WORK TO COMPLETE: Return the lines of the listing below exactly as they appear, beginning at the one with "Брелок с надписью" and stopping after the one with "Amrise Hotel Kitchener"; do not include pictures.

RECORDS PROVIDED:
- - -
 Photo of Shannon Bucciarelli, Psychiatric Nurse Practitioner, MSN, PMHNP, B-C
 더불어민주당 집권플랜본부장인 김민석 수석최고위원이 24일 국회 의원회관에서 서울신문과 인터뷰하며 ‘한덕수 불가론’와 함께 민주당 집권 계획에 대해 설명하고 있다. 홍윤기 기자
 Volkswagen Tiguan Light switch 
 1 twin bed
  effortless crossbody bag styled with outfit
- - -
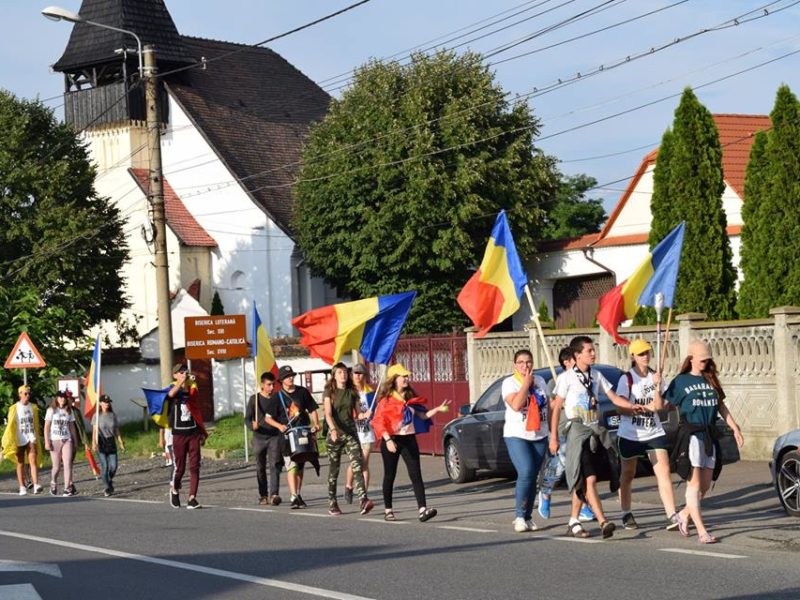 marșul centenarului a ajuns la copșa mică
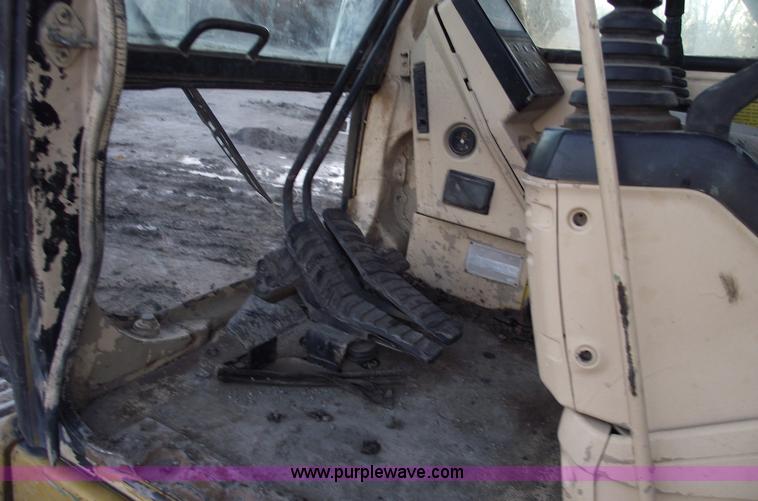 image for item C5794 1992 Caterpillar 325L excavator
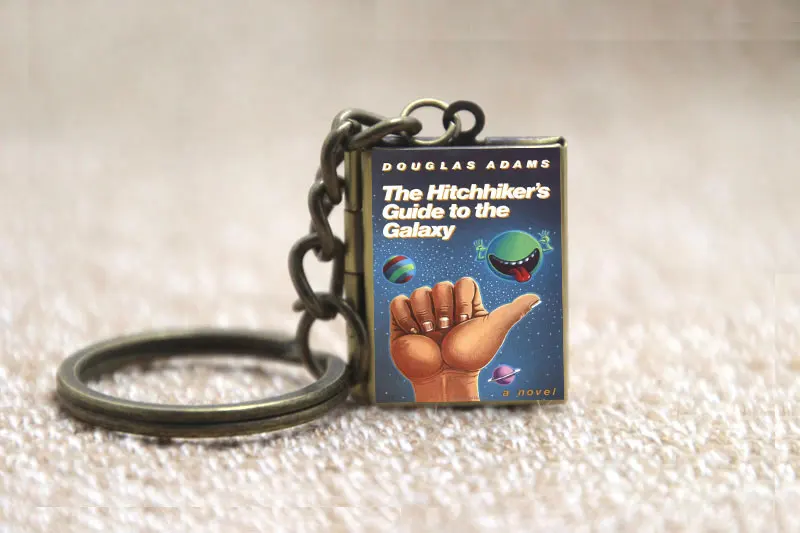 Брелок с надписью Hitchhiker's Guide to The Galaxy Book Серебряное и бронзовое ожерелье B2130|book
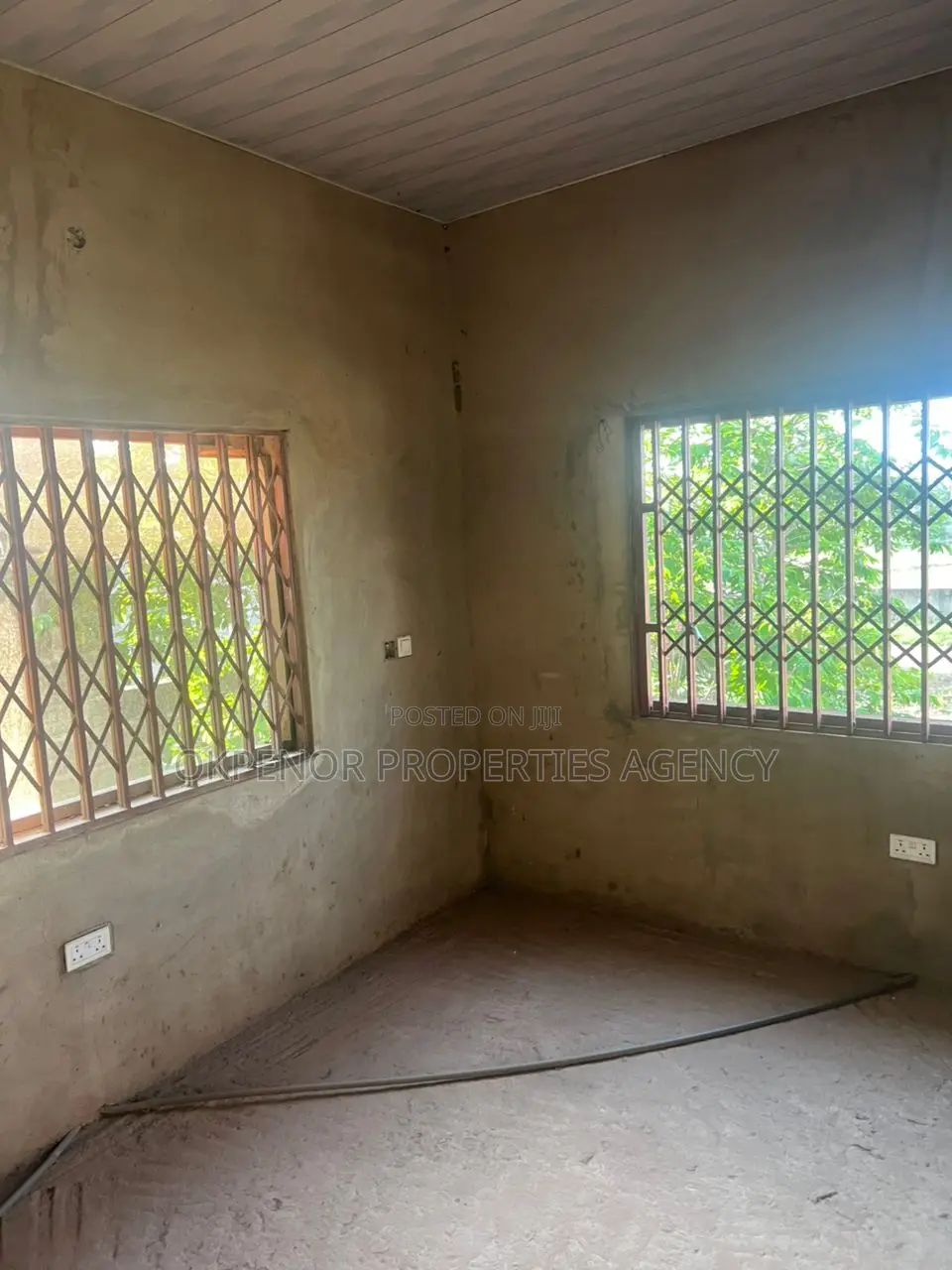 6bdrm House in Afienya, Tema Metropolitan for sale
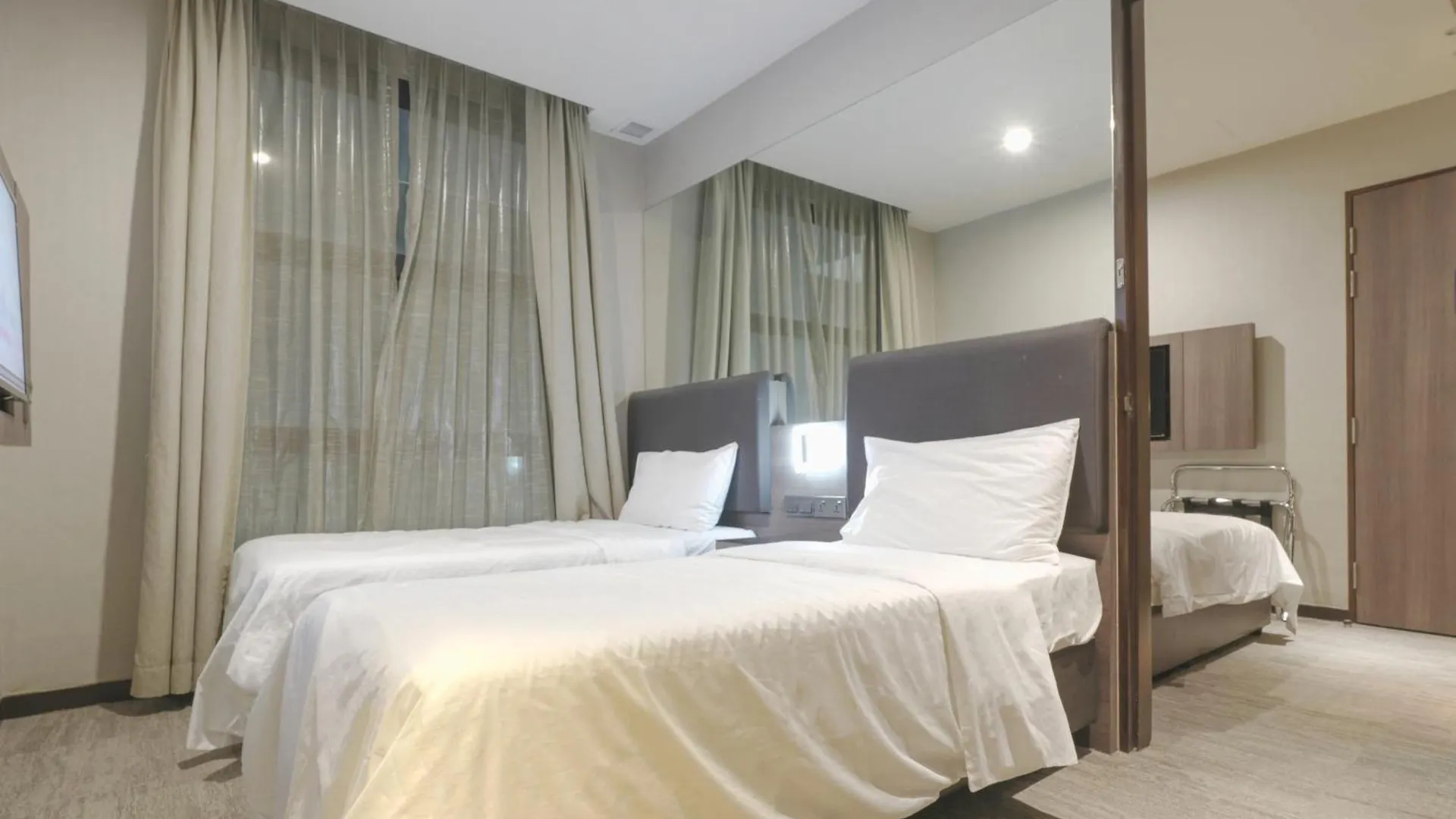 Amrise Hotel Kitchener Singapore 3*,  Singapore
- - -
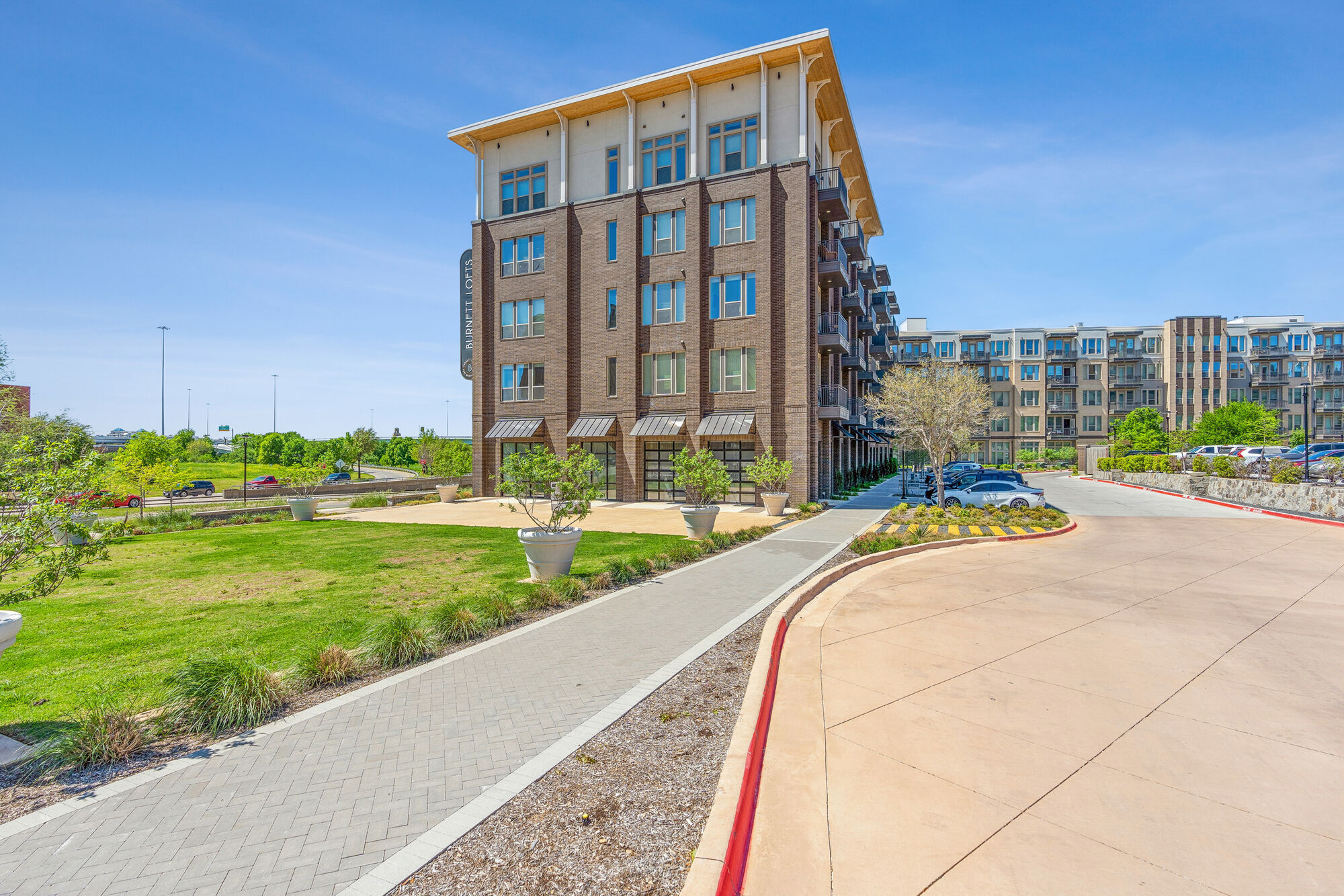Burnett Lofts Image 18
- - -
EXPECTED OUTPUT:
 Брелок с надписью Hitchhiker's Guide to The Galaxy Book Серебряное и бронзовое ожерелье B2130|book
 6bdrm House in Afienya, Tema Metropolitan for sale
 Amrise Hotel Kitchener Singapore 3*,  Singapore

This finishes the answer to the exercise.